This speech is taken from “WHO Director-General’s opening remarks at the media briefing on COVID-19 – 13 October 2021” After his opening remarks, the Director General spoke about the escalating crisis in northern Ethiopia.
As an Ethiopian from Tigray, this crisis affects me personally. But today I am speaking as the Director-General of the World Health Organization.
After 11 months of conflict, the humanitarian crisis in northern Ethiopia is growing worse by the day.
Up to 7 million people are in urgent need of food and other aid across Tigray, Amhara and Afar.
Tigray, with an estimated population of 6 million people, has now been under a de-facto blockade for almost a year. Humanitarian aid is not arriving at anywhere close to the levels needed, and basic services remain cut off, including electricity, banking and telecommunications.
The spread of the conflict into Amhara and Afar is further increasing needs and complicating response efforts.
In Tigray, more than 90 percent of the population needs food aid, and an estimated 400,000 people are living in famine-like conditions, based on the latest UN analysis.
Fuel shortages, a continuing communications black-out and other challenges make it difficult to assess the exact extent of the need.
But we are seeing acute malnutrition rates, at levels comparable to those we saw at the onset of the 2011 Somalia famine.
The de-facto blockade of Tigray is preventing us from getting aid to people in desperate need.
Since the end of June, we have only had access to Tigray via one road through the neighbouring Afar region, where movements are being severely restricted by official and unofficial checkpoints and roadblocks, insecurity and other obstacles.
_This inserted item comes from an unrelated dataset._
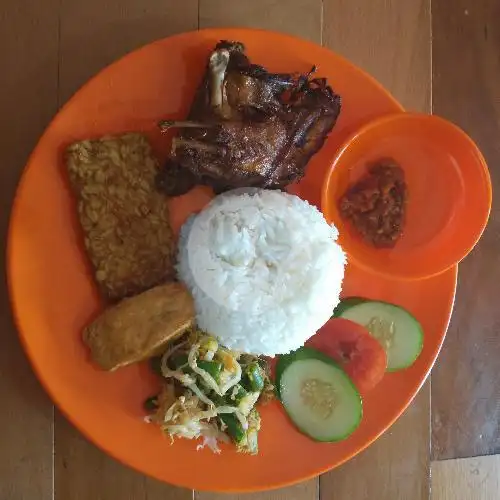 Gambar Makanan Ayam Goreng Podomoro, Sulthan Agung 4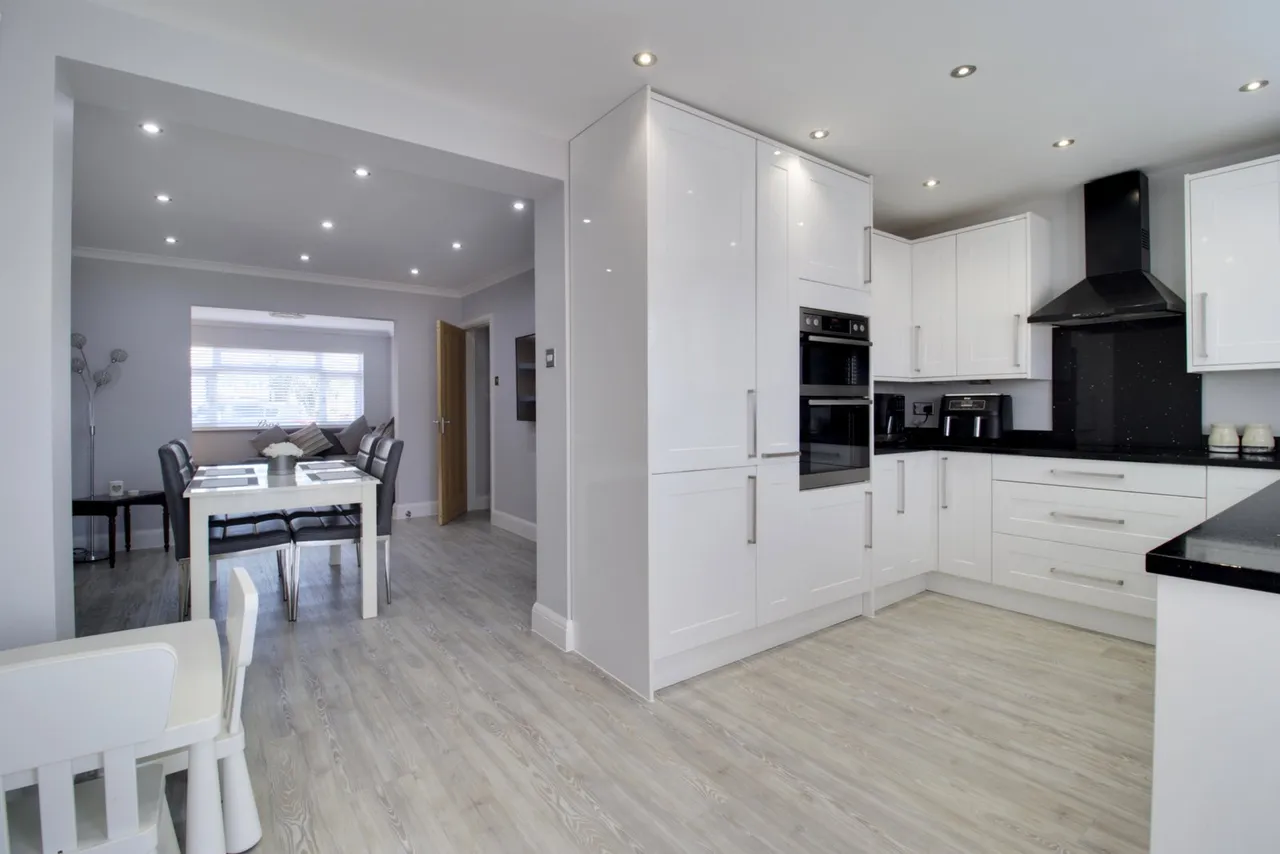 Lancaster Drive, Hornchurch, RM12, photo 2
The UN estimates that we need to bring in roughly 100 trucks of aid a day to meet basic needs in Tigray. But since July, the UN has only been able to move 10 percent of this.
The conflict has devastated Tigray’s healthcare system and no supplies of medicine have been allowed into the region since July.
Just a fraction of health facilities in Tigray remain operational due to a lack of fuel and supplies. People with chronic illnesses are dying due to lack of both food and medicine.
Nearly 200,000 children have gone without critical vaccinations. When people do not have enough food, they are more susceptible to deadly diseases, as well as the threat of starvation, and that’s what we’re now seeing in Tigray.
WHO will continue to do everything we can to provide essential life-saving support to all those affected by this crisis.
WHO and our partners ask for unfettered access to the affected regions. The lives of millions of people are at stake.